Return every line of the data below that includes the string "Long".

====== Supplied data ======

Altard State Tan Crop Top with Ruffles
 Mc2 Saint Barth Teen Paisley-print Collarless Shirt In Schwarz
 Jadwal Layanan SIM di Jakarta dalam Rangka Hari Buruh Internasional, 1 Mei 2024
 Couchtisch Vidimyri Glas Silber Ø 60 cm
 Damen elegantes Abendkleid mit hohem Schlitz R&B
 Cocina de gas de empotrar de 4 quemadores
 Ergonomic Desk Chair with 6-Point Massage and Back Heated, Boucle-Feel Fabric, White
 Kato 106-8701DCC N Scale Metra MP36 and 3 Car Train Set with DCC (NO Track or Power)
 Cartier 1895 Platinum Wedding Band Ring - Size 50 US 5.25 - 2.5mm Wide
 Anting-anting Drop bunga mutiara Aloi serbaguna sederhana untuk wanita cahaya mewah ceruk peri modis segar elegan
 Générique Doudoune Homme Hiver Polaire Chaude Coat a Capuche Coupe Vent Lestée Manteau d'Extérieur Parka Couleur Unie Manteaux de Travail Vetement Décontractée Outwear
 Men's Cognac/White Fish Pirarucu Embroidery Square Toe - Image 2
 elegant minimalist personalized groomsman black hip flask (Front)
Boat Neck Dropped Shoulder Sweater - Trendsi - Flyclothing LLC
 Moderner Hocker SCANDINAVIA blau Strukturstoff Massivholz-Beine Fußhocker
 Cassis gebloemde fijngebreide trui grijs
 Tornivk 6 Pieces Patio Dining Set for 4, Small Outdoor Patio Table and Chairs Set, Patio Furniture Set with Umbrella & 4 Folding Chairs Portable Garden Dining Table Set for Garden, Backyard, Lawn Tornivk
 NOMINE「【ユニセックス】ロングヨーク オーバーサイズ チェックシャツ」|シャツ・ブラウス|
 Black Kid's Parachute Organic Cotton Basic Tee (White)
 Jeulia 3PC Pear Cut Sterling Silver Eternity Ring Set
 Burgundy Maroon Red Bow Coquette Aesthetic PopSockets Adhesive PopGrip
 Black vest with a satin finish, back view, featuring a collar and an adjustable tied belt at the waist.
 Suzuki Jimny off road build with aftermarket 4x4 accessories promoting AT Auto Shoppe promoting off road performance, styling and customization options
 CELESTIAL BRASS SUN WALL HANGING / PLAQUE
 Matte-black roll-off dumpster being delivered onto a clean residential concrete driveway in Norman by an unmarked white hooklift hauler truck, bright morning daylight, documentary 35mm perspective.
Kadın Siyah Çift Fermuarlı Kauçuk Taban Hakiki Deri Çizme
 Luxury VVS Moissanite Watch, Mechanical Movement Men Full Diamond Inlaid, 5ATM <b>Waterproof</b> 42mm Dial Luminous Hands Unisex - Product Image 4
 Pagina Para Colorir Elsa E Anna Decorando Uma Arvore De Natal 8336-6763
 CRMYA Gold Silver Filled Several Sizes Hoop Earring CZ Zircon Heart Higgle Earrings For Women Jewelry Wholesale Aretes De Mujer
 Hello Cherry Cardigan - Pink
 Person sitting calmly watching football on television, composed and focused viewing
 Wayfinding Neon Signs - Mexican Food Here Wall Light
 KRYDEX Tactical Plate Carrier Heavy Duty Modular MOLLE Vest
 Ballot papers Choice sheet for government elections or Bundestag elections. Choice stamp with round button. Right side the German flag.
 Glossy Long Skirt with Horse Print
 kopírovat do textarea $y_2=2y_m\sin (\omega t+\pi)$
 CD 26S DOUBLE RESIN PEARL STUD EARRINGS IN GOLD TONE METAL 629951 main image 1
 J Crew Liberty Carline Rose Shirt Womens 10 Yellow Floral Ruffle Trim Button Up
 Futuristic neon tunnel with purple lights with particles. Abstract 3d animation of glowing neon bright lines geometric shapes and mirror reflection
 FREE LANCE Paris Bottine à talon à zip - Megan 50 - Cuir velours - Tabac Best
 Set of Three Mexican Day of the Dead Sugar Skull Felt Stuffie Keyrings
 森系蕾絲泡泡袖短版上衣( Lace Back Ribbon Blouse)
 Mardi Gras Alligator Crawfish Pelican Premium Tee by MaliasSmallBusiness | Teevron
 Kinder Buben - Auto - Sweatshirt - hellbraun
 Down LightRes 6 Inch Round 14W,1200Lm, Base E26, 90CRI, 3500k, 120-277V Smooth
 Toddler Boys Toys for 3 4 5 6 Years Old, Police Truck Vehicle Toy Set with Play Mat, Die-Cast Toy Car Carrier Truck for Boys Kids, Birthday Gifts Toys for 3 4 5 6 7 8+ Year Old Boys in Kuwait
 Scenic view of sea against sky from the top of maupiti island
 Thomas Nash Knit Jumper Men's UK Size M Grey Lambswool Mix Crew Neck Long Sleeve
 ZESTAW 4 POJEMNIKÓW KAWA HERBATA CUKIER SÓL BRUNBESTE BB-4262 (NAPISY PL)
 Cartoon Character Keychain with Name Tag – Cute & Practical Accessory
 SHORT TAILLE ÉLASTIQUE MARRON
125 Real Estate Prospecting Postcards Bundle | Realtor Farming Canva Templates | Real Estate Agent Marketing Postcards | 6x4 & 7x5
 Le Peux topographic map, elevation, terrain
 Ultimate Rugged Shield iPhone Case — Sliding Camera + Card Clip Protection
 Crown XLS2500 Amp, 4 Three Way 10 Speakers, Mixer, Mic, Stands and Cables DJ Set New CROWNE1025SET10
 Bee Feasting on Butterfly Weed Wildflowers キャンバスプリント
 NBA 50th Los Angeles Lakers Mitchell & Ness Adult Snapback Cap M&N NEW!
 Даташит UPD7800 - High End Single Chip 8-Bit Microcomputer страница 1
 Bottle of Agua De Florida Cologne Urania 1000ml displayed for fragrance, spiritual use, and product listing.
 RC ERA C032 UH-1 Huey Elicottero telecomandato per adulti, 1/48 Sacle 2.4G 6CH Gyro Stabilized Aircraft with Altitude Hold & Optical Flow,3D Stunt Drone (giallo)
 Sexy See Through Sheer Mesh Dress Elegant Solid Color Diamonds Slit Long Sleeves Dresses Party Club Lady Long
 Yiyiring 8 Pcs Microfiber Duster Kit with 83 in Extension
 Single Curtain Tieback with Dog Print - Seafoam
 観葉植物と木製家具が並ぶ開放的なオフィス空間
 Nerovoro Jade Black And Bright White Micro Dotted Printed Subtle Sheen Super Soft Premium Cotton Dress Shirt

======

Task answer:
 Glossy Long Skirt with Horse Print
 Thomas Nash Knit Jumper Men's UK Size M Grey Lambswool Mix Crew Neck Long Sleeve
 Sexy See Through Sheer Mesh Dress Elegant Solid Color Diamonds Slit Long Sleeves Dresses Party Club Lady Long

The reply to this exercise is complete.